But as Sin City sheds its glitz 'n' tits image and heads upmarket, it has begun to attract some of the best chefs from around the world. Last year, more new restaurants opened in Nevada than in any other American state, and Las Vegas now has 15 master sommeliers - that's 14 more than Los Angeles.
He flies in fresh fish from all over Italy and serves it just like mamma used to make. His squid ink risotto ai frutti di mare, oven-baked Mediterranean snapper with artichokes and fresh Italian oregano, with basil ice-cream for dessert is, for me, the best Vegas has to offer.
Bartolotta is leading the charge of European cuisine in Vegas. Hot on his heels are two French master chefs - Joel Robuchon, who taught Gordon Ramsay how to cook, and Alain Ducasse of Hotel de Paris fame. Robuchon has stolen the thunder from Picasso restaurant in the Bellagio to create the richest - in every sense of the word - French fine dining in Vegas.
In a belle epoque-style dining room he serves up a 16-course tasting menu, from $US525 ($693) for two. Osetra caviar with green beans and lemon grass, roasted turbot with celery and black truffle, and passion fruit souffle with sage sorbet are as good as anything in a three-Michelin-star Parisian restaurant.
Alain Ducasse's restaurant, Mix, in the Mandalay Bay Resort and Casino, has a head start over its competitors. It is the only hotel in Las Vegas that is not a themed resort. You don't have to walk past grannies taking gondolas to the Gap to get to your table. Better still, it has the best view of the strip of any bar or restaurant in the city.
At Mix, the menu is French or American. The pepper-dusted tuna two ways with lentils and prosciutto, bison tenderloin sauce au poivre, and Mix Candy Bar dessert complement the outlook. Best of all are the fresh madeleines, which are served off a piping hot baking tray with coffee.
But Americans are not surrendering it all to cheese-eating Europeans. The best US chefs now serve up a crash course in modern American. At bistro-style Bouchon in the Venetian, Thomas Keller, he of French Laundry (California) and Per Se (New York) fame, offers bread with Vermont butter, a dozen types of oyster, mussels from Maine, lamb from his favourite farm in Pennsylvania and American artisan cheeses.
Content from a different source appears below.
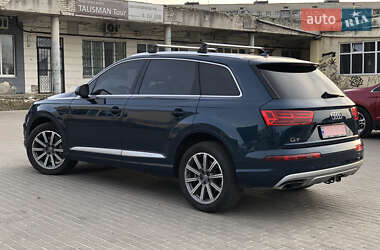 Внедорожник / Кроссовер Audi Q7 2017 в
At Sea Blue in the MGM Grand, San Francisco-based chef Michael Mina's specialties are tasting menus of American fish and shellfish under five headings: Raw, Marinated, Kebab, Steamed and Fried. The cucumber yoghurt, watercress dumpling and warm oyster is modern American fusion cuisine at its best.
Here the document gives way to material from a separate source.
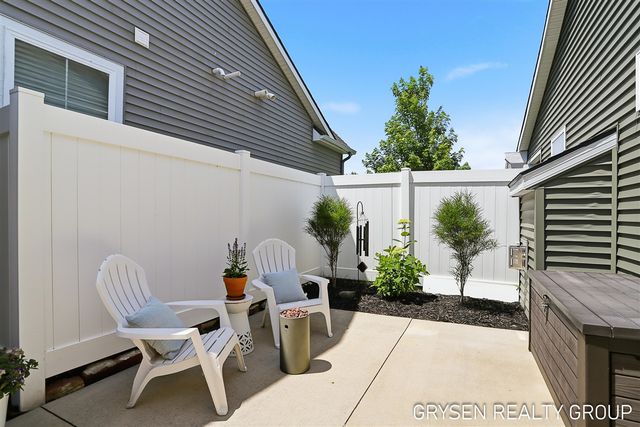 6960 E Cottage Lane, Rockford, MI 49341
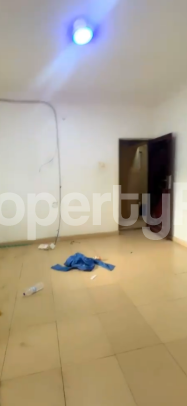 1 bedroom Flat / Apartment for rent Pedro Shomolu Lagos - 7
Bradley Ogden in Caesar's Palace runs Sea Blue a close second with his Calm Cove oysters five ways, Hamachi sashimi and seared diver scallops with crispy bacon.
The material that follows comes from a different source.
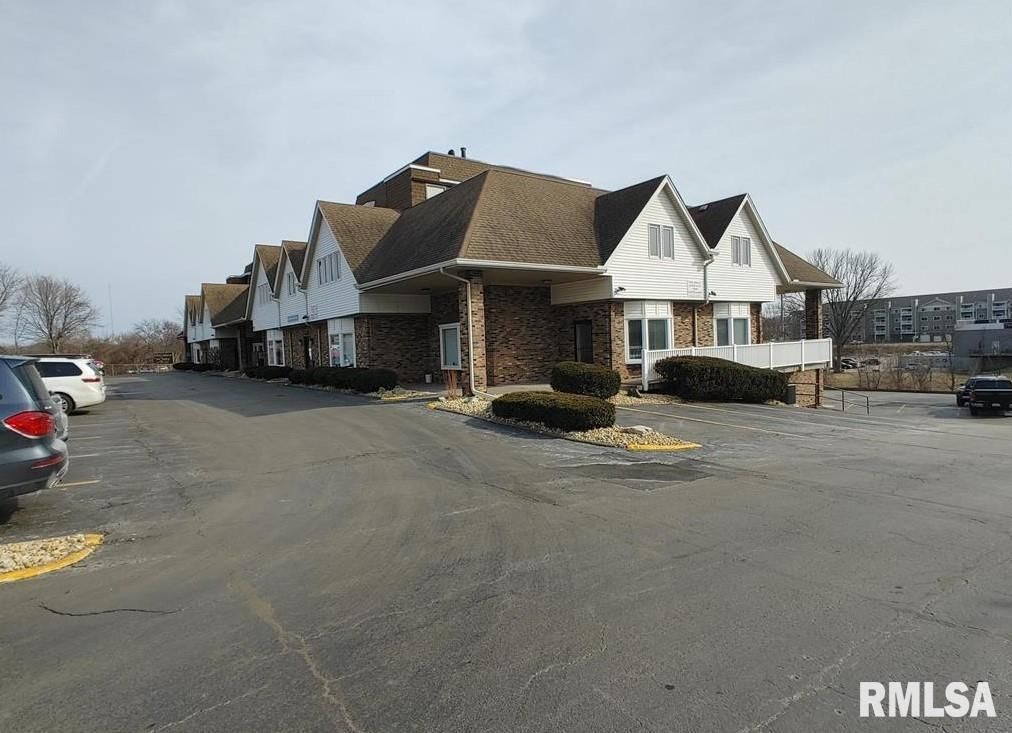 2435 KIMBERLY Road #215N — Bettendorf, IA 52722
Restaurants Fix in the Bellagio and Stack in the Mirage may not offer the haute cuisine of the big-name chefs but they deliver the kind of energetic atmosphere and service that make you feel like you are in your own version of hit Vegas movie Swingers.
In the city of chance, one thing you can be sure of these days is eating well. But watch the bottom line as closely as your waist line - Vegas restaurants are not cheap. However, if you are feeling lucky, you can always take a gamble and flip a coin to see who pays the bill.